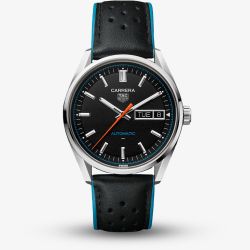 TAG Heuer Carrera Mens Day Date Black Leather Strap WDA2110.FC6614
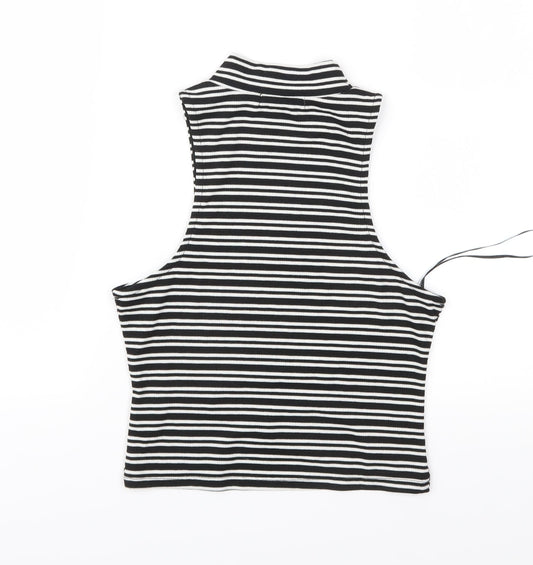 Vera & Lucy Womens Black Striped Jersey Basic T-Shirt Size M
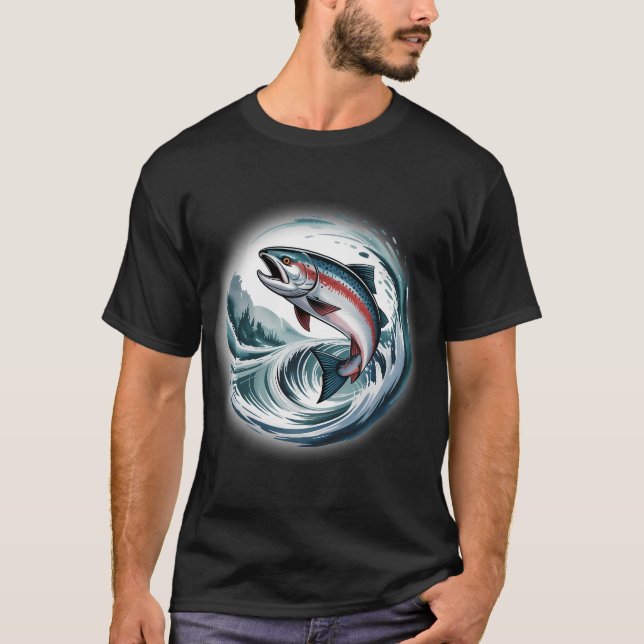 Camiseta Salmón Guerrero – Rey de las Corrientes (Anverso)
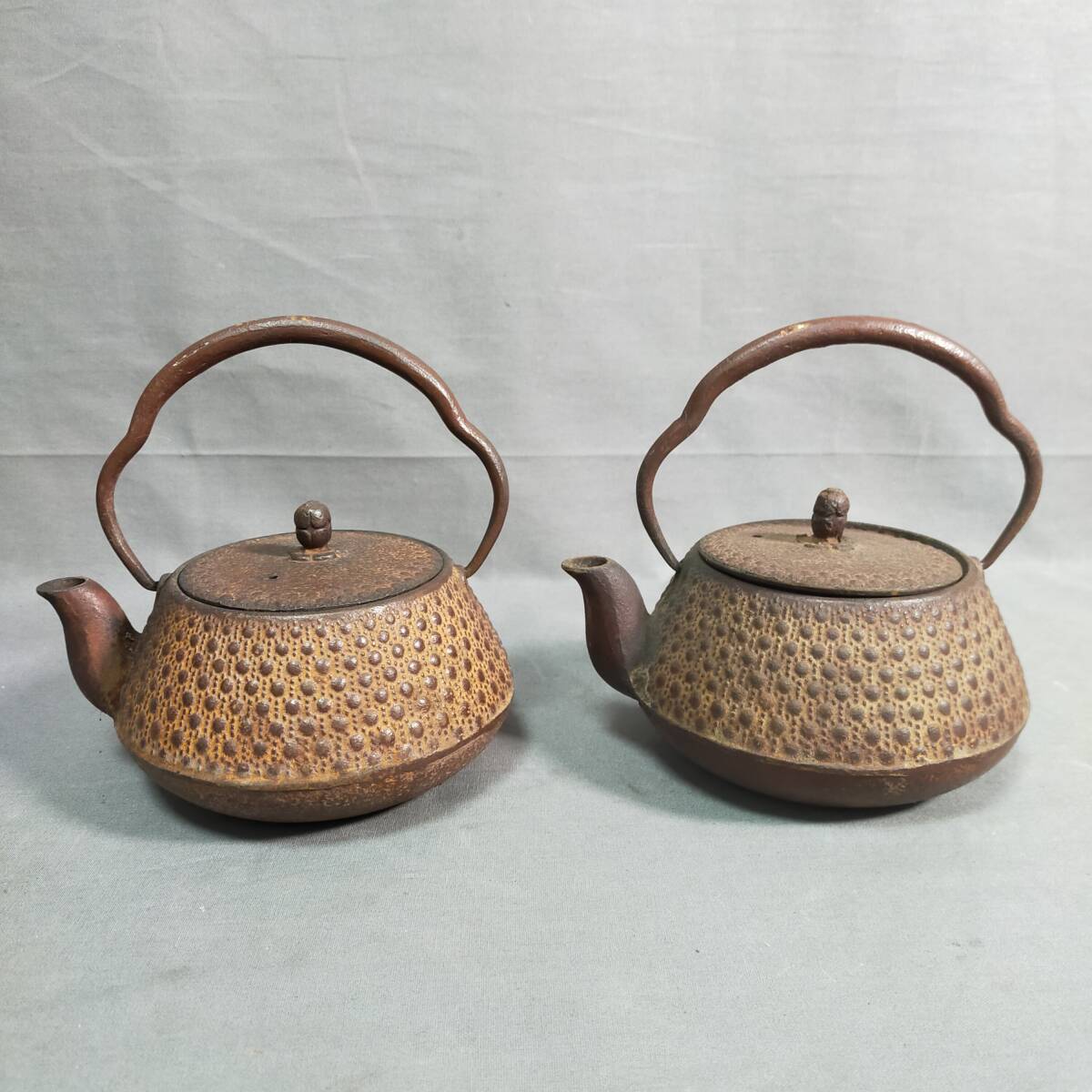 ▲ 11/6 297121 南部鉄器 鉄瓶 2点 セット おまとめ 急須 茶道具 現状品 金属工芸 総重量約1890g拍卖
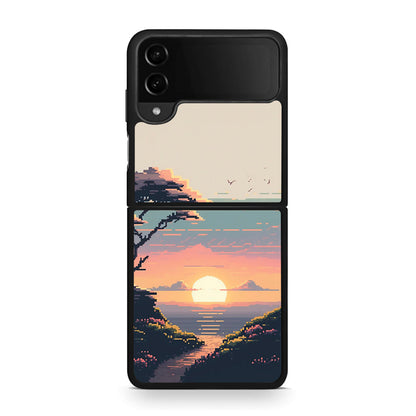 Samsung Galaxy Z Flip4 Pixel Sunset Θήκη από τη Smartfits με σχέδιο στο πίσω μέρος και μαύρο περίβλημα | Smartphone case with colorful back and black bezels by Smartfits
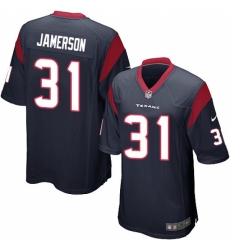 Men's Nike Houston Texans #31 Natrell Jamerson Game Navy Blue Team Color NFL Jersey
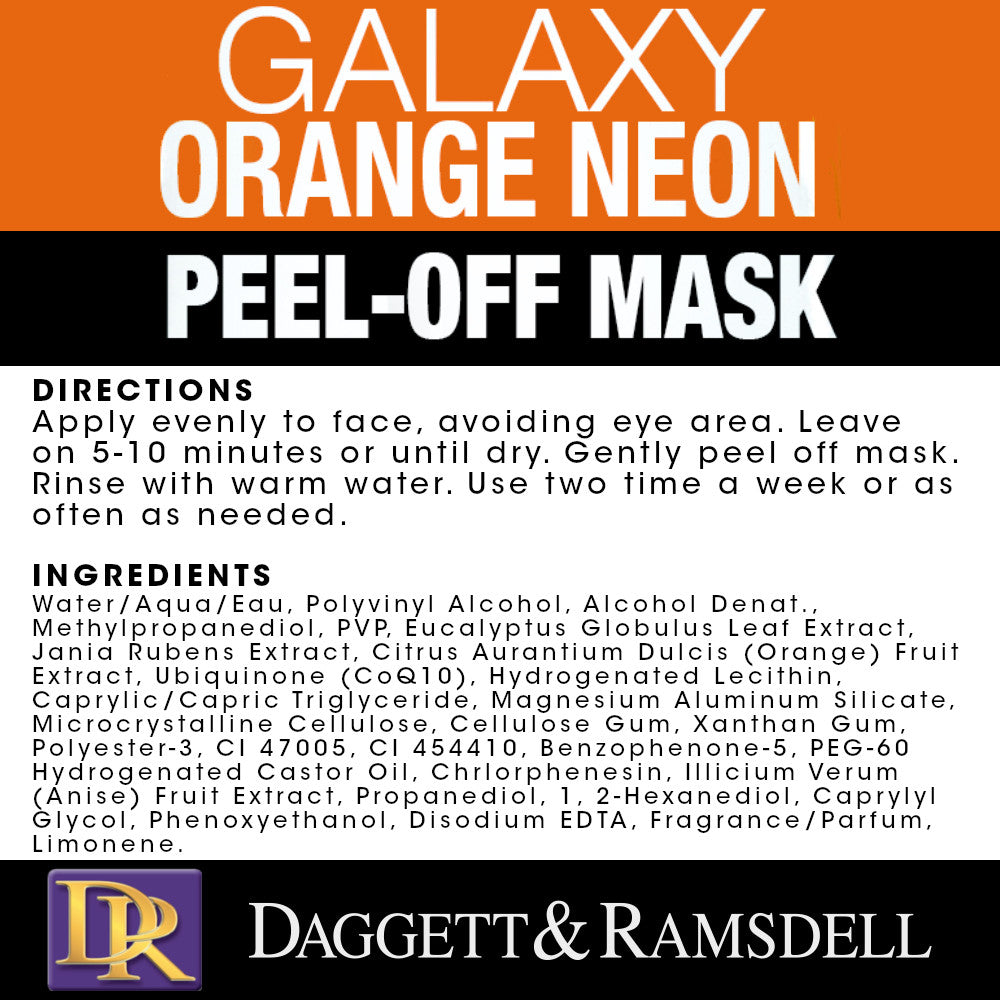 Daggett & Ramsdell Galaxy Orange Neon Peel Off Facial Mask with Vitamin C & Orange 1.76 oz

--------

**What is expected**: Which lines run from the one that holds "Camiseta Salmón Guerrero" to the final line of the records above? Return them exactly, and skip the pictures.

**Solution for this task**:
 Camiseta Salmón Guerrero – Rey de las Corrientes (Anverso)
 ▲ 11/6 297121 南部鉄器 鉄瓶 2点 セット おまとめ 急須 茶道具 現状品 金属工芸 総重量約1890g拍卖
 Samsung Galaxy Z Flip4 Pixel Sunset Θήκη από τη Smartfits με σχέδιο στο πίσω μέρος και μαύρο περίβλημα | Smartphone case with colorful back and black bezels by Smartfits
 Men's Nike Houston Texans #31 Natrell Jamerson Game Navy Blue Team Color NFL Jersey
 Daggett & Ramsdell Galaxy Orange Neon Peel Off Facial Mask with Vitamin C & Orange 1.76 oz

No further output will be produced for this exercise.